Nokia N73 Smartphone Review
N73 is a phone running on Symbian Operating System with S60 interface. The version of system is v.9.1, which is the latest one up to now that's why it's similar to other phones by the manufacturer, like the E70 and N80 for example. This version of the S60 allows for various resolutions of the displays (the old 176x208 used in earlier Nokia smartphones and the new bigger 240x320 and 352x416), which helps for better image quality, as well as for more convenient reading of webpages, where resolution is more important than physical size. Another cool extra is the support of using the whole operating system in landscape mode something that has been successfully done in WM for Pocket PCs.
The rest of the display, below them, is used for notifications this is where missed calls, upcoming tasks (or To-Do in the calendar), received messages are displayed, as well as the music player status (the song that's played at the moment). The various capabilities of this Active Desk can be set to serve you best. It resembles a well-personalized homescreen of a Pocket PC with Windows Mobile OS and is really useful and pleasant to use, and it saves a lot of time. Located at the bottom of the screen are the two software buttons which can also be personalized from the Settings menu.
The main menu can be viewed as 3x4 grid of icons that can also be displayed as a list (it's chosen directly from the main menu) but the icons are not animated in both cases. The keypad buttons can be used as shortcuts a function which is much better implemented than version 6 of the S60 interface but still a lot of things should be changed: as the menu not always holds 12 icons (they can be more or less), scrolling up/down shows you different ones that should be associated with the keypad but they're not. If you press 3 while at the highest part of the grid, you'll select the icon located at the top right corner. But if you scroll down to reveal the other icons in this menu, pressing the 3 button will still open the afore-mentioned menu, not the one currently located at the top right of your screen; so these shortcuts only relate to the first 12 icons in a particular menu, while the rest (if there are any) remain without any shortcuts. If a button's function is dynamic and corresponds to the grid in the menu, you can click the button for a given menu without even thinking about it. Thus, you save the time you usually need to walk around the menus, using the joystick.
The menu can be personalized by using themes, and if you combine various screensavers and personalized homescreens, two identical phones can look quite different. Definitely, the operating system provides many good personalization options, so it can be compared to the most advanced system, according to us WM for Pocket PCs.
The Contacts menu is almost the same as the one in the older version of the S60 interface.

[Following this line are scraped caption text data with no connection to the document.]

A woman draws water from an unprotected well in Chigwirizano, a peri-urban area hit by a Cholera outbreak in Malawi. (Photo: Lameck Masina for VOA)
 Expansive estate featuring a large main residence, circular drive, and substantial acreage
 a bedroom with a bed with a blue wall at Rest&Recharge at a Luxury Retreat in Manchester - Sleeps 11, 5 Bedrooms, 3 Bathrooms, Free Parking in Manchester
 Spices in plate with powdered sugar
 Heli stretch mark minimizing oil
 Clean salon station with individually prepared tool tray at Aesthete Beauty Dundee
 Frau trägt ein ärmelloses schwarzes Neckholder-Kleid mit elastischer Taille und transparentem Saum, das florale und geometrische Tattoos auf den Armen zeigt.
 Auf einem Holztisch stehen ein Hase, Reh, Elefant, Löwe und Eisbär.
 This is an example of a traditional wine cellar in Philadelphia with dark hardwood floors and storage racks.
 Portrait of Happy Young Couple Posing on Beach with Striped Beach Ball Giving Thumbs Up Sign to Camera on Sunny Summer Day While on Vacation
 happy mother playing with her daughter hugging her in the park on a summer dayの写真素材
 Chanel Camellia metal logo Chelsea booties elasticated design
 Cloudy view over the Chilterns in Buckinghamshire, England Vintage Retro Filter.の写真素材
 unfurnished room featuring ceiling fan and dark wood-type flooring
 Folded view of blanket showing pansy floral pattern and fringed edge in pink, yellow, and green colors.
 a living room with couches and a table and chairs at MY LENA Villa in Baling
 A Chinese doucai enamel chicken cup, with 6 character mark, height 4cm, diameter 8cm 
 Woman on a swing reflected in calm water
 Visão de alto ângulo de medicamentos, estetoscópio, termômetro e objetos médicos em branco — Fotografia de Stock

All the contacts are displayed as a list and if there's a picture ID, it can be seen in the top left corner of the screen as a thumbnail with a very small size (it's the same when you have an incoming call and that's why we find this feature useless) when you select the contact.
If you want to search, you type in directly from the keypad and searching is done for the whole name (not only the first word), even if the name is saved in more than one field (first and last name for example). If you want to edit a contact , you can only change the already defined fields. For adding more information you need to select the Add Detail menu. When adding a new contact you are provided with the basic fields, but with the Add Detail function you have almost no restrictions on the fields and their number and you can add a lot of phone numbers.
The phone has a set of voice commands they are speaker independent and you don't have to train every command, something that can save you a lot of precious time. By holding the right soft key, the recognizer turns on and you can say a name (from the phonebook) to be dialed. Names like Father, Brother, test, John and Neo were no problem, but we had no success with others like Amy for example.
The commands can activate various programs or perform different functions, like New SMS for example, but a list with different capabilities must be added to the menu - not all of them are added by default so that they're easier to recognize with any speaker thus by adding only the ones you need you can achieve best possible accuracy without the annoying training and it works, the voice commands were very accurate and we rarely experienced mistakes when launching applications.